C'erano molte aspettative su The cut (Il taglio), film in concorso di Fatih Akin, regista turco di origine ma tedesco di nascita. I massacri dei cristiani di questi giorni in Iraq avevano accresciuto l'attesa sull'opera in cui si narra la strage armena del 1915 che il governo turco vorrebbe rimuovere. «Sì, ho subito minacce per questo film, ma non voglio soffermarmi per dar loro troppa importanza», ha detto il regista in conferenza stampa. C'erano dunque molte aspettative, ma la tiepida accoglienza della critica ha confermato che, dal punto di vista cinematografico, ha prevalso un pizzico di delusione. La scelta dell'inglese, poco credibile in una produzione come questa. Le scenografie e i costumi. Una narrazione semplice, fin troppo. Tutto vero.

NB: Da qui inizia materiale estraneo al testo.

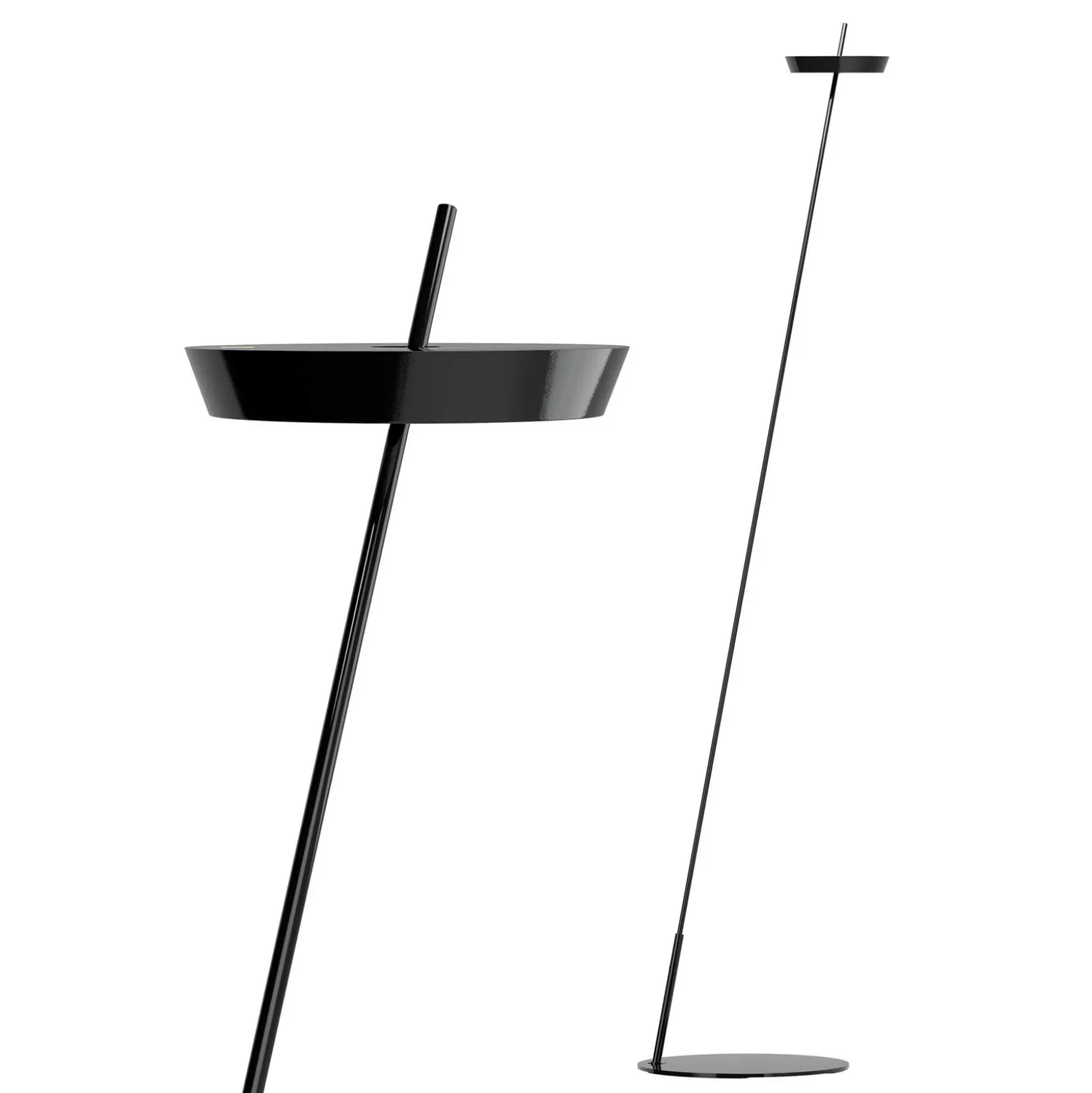 Lámpara de pie LED recargable Mahina, negra, altura 130 cm, metal, CCT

Ma la prospettiva cambia se si ascolta padre Vahan Ohanian, autore (con Ara Ketibian) di una ponderosa ricerca sul genocidio armeno sui giornali americani, che vive nel convento degli Armeni mechitaristi dell'Isola di San Lazzaro, pochi minuti di vaporetto dal Lido. «È un film che rispetta la verità storica», dice. «Tante cose che si vedono sono davvero accadute. Le famiglie smembrate, la ricerca dei figli negli orfanotrofi e negli harem di Aleppo... Un film toccante».

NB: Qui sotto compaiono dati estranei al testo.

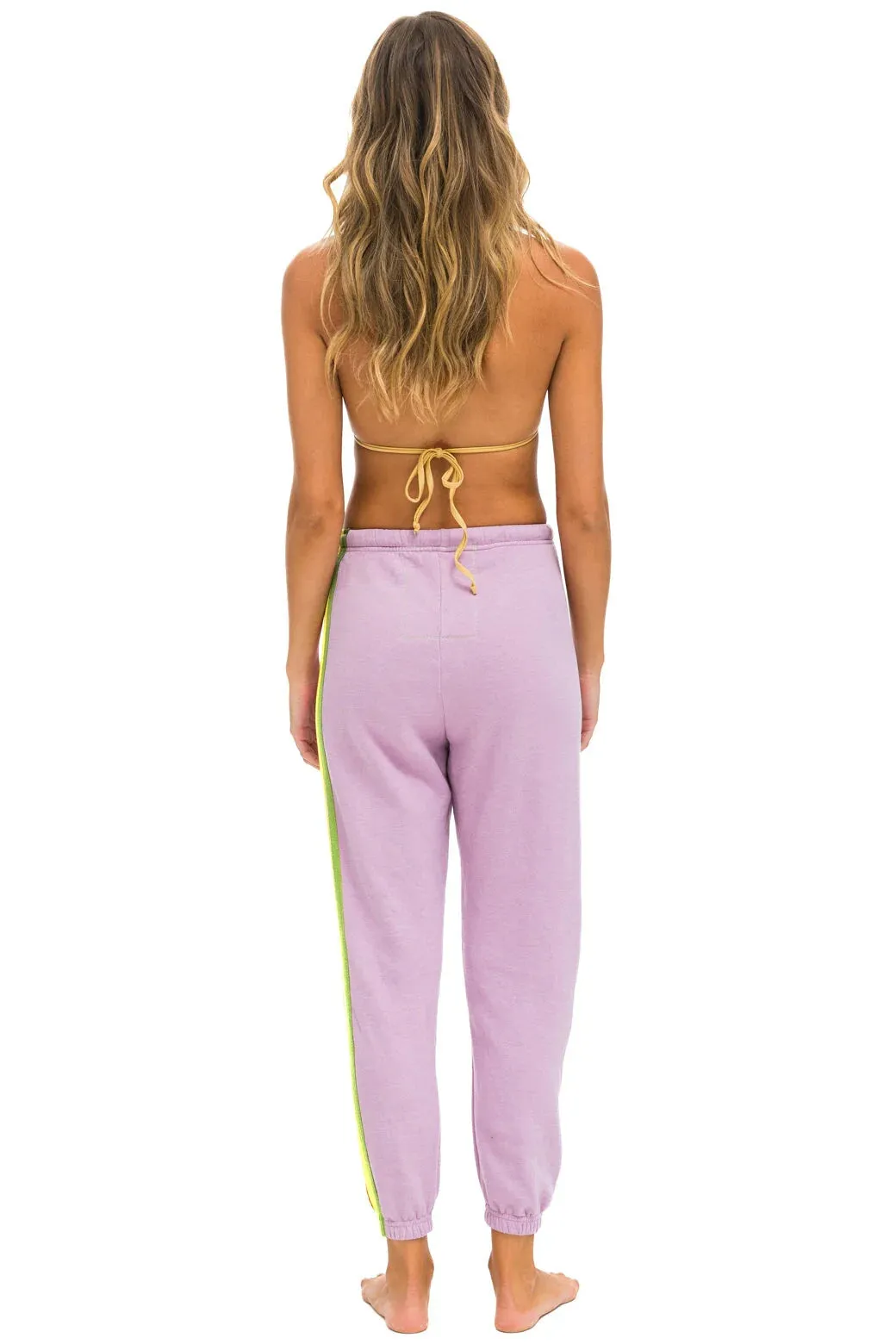 Aviator Nation 5 Stripe Women's Sweatpants Mauve Pink Green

Il giovane fabbro Nazaret Manoogian (Tahar Rahim) viene separato da moglie e figlie quando i militari dell'imperatore ottomano gli ordinano di arruolarsi nell'esercito. È questo il primo taglio che deve subire nella sua vita. Più che per combattere, gli armeni cristiani di Mardin vengono deportati e usati per costruire strade nel deserto. «Se vi convertite all'Islam verrete liberati», è il minaccioso invito, attuale come nessun altro, al quale Nazaret e molti suoi compagni oppongono un fiero rifiuto. Ma la tragedia incombe e gli ostaggi muoiono sgozzati dai militari. Uno dei quali, pietoso, non affonda la lama, recidendo solo le corde vocali di Nazaret il quale, vittima ma anche graziato da un altro taglio, rimarrà vivo e muto. Inizia così la sua odissea alla ricerca delle due figlie che lo porterà dalle case dei missionari in Libano alla ricca L'Avana fino a Minneapolis e al Nord Dakota. In questo lungo viaggio incontrerà la cognata morente, un arabo pietoso che lo nasconde e protegge, dei cristiani ipocriti. E soprattutto abbandonerà la fede delle origini che porta nel nome di battesimo e nella croce tatuata su un braccio.

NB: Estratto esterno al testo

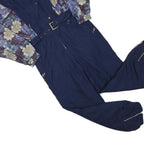 FILA Womens Navy Blue Floral Print Lined Dungarees Regular Polyester UK 12 W32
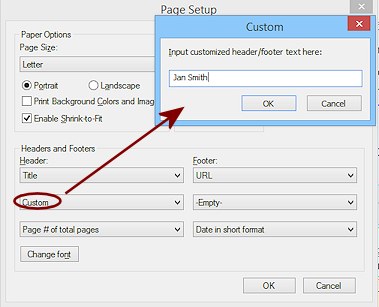 Dialog: Page Setup > Custom header - center (IE11)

«Il viaggio del mio protagonista è geografico ma anche nella sua anima: si libera dei dogmi e abbraccia la spiritualità della speranza», ha spiegato Akin. «Il protagonista fa la sua scelta che va rispettata», concorda padre Ohanian. «Ogni armeno vorrebbe vedere qualcosa di personale in un film come questo. Molti avrebbero voluto vedere le donne che pur di non consegnarsi ai Giovani turchi scelsero di morire. Però io credo che il regista abbia rispettato la storia». Si vede un arabo prendersi cura di un armeno... «L'ospitalità di molte famiglie arabe siriane verso gli armeni è un fatto. Il padre di un nostro sacerdote del convento è stato cresciuto da una famiglia arabo-siriana. Non conoscevo l'itinerario che passava per Cuba. Dopo la Prima guerra mondiale la maggior parte degli immigrati andava a Boston o a Ellis Island. Dai giornali americani ho raccolto decine casi di ragazzi armeni ritrovati lì grazie a missionari».

L'attore Simon Akbarian ha detto che il genocidio è poco trattato al cinema perché la prima generazione successiva «ha dovuto sopravvivere, la seconda vivere, solo la terza ha potuto reagire. Il governo turco esercita ancora un controllo su questo argomento». Quindi, aldilà della cifra estetica, «è un'opera assai importante», sottolinea Ohanian. «Arriva nel momento in cui è in atto la deportazione dei Caldei, senza dimenticare la strage nel villaggio di Kessab, in Siria.

Questo film può servire perché i turchi capiscano che non siamo contro di loro, ma contro il regime che è la continuazione del negazionismo del genocidio iniziato dal sultano già nel 1895 e perpetrato dai Giovani turchi nel 1915».